Madison’s face turned as red as the tomato sauce she was busily adding to the pot. “You can’t rescue me, either.”

“I could try. It might help if you told me what you need rescuing from. Was it something your dad said? Or is it Nicolas? If it’s Nicolas–”

“Nicolas is great. We have a lot of fun together.”

“Really? I’m surprised you have anything in common.”

“Because he’s three-and-a-half years younger than me?”

“Younger than that, maturity-wise. You’ve always been mature for your age, and, well, let’s face it. Nicolas is a bit immature for his.”

“So? Maybe I’ve always been too mature for my age. Do you know what we did last night?”

I shook my head.

“Had a water gun fight. Actually, he would light himself on fire and I would put it out, which was a little different from the fights I used to have with my brother when I was eight. But it’s been about that long since I let go like that. I was… I was silly.”

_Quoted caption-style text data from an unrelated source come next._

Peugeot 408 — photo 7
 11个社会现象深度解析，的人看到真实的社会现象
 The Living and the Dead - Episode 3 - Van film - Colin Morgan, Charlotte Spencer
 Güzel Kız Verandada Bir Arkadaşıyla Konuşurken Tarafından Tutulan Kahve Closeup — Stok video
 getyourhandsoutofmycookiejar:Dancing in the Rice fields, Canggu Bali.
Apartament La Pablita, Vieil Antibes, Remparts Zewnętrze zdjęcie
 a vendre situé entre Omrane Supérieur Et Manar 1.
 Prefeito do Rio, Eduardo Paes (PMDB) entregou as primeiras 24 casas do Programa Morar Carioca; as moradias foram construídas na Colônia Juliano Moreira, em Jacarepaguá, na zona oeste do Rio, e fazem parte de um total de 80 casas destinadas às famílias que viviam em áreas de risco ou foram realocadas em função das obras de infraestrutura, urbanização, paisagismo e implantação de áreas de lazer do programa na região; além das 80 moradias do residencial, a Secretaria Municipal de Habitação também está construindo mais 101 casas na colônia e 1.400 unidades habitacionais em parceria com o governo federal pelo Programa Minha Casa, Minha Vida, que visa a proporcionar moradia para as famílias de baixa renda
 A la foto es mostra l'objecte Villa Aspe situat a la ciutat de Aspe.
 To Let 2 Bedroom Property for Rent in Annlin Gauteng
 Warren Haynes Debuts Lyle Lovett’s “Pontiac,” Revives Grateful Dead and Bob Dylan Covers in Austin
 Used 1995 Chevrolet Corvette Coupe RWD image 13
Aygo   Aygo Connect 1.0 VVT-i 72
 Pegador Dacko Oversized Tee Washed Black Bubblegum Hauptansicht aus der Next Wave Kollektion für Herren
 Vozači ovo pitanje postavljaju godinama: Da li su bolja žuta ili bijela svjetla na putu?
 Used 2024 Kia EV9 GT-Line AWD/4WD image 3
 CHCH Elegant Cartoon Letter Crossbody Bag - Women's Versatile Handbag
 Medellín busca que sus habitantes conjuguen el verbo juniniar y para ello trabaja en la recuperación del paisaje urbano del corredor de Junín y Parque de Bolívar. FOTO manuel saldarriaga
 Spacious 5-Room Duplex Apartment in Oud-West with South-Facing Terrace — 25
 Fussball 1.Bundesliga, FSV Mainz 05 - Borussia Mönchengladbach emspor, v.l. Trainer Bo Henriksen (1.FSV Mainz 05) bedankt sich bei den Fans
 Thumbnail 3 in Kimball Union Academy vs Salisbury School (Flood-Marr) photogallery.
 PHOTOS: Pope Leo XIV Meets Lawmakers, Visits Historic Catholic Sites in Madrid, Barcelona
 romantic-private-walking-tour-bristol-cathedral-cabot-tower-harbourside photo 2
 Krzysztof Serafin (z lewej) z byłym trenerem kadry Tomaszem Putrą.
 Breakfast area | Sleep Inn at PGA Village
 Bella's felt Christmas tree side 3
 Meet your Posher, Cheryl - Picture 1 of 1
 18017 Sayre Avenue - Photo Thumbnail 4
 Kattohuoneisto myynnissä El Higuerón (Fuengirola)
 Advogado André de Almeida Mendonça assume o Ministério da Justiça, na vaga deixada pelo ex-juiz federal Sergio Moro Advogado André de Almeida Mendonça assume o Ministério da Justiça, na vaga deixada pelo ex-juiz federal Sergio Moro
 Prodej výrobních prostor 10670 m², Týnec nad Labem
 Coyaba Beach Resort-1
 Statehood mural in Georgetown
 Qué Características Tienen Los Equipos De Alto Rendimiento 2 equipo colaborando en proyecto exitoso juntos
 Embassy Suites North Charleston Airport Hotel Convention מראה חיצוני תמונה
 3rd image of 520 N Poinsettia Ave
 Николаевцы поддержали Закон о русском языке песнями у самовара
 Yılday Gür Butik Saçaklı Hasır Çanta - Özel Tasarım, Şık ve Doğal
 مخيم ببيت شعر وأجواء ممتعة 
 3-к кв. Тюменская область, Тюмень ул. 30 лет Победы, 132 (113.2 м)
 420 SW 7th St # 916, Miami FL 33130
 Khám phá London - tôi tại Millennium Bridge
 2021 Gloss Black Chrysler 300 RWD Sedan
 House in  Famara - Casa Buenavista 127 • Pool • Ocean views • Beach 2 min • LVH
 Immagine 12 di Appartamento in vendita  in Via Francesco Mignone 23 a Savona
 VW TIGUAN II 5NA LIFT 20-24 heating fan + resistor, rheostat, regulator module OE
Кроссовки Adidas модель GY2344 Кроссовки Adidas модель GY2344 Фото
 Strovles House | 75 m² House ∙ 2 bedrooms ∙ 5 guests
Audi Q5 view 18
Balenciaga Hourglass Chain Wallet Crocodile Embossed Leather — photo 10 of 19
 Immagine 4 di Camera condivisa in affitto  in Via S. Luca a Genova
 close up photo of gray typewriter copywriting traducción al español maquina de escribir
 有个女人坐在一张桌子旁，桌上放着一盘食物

I had trouble imagining Madison playing like that. Which, I supposed, was precisely the point.

“So,” Madison said, “how was your day?”

“Got a new partner and a new lead on the McClellan case.” I added fresh herbs to the sauce and gave it a quick stir.

“The McClellan case?” She flinched. “Do you even want to solve that one?”

“Why? He ever do anything to you?”

“What was the lead?”

I studied Madison’s profile before answering, wondering at our string of answering questions with questions. She got uncomfortable whenever I mentioned the McClellan case, but it didn’t make any sense. She had never even met the guy, though I had told enough stories to gain her empathic hatred on my behalf.

“His brother found a pamphlet from the Gateway Christian Church with a warning on it. Thinks maybe the preacher stirred some of his parishioners into doing it. Like a hate crime.”

Madison shuddered. “Do you think they could have done it?”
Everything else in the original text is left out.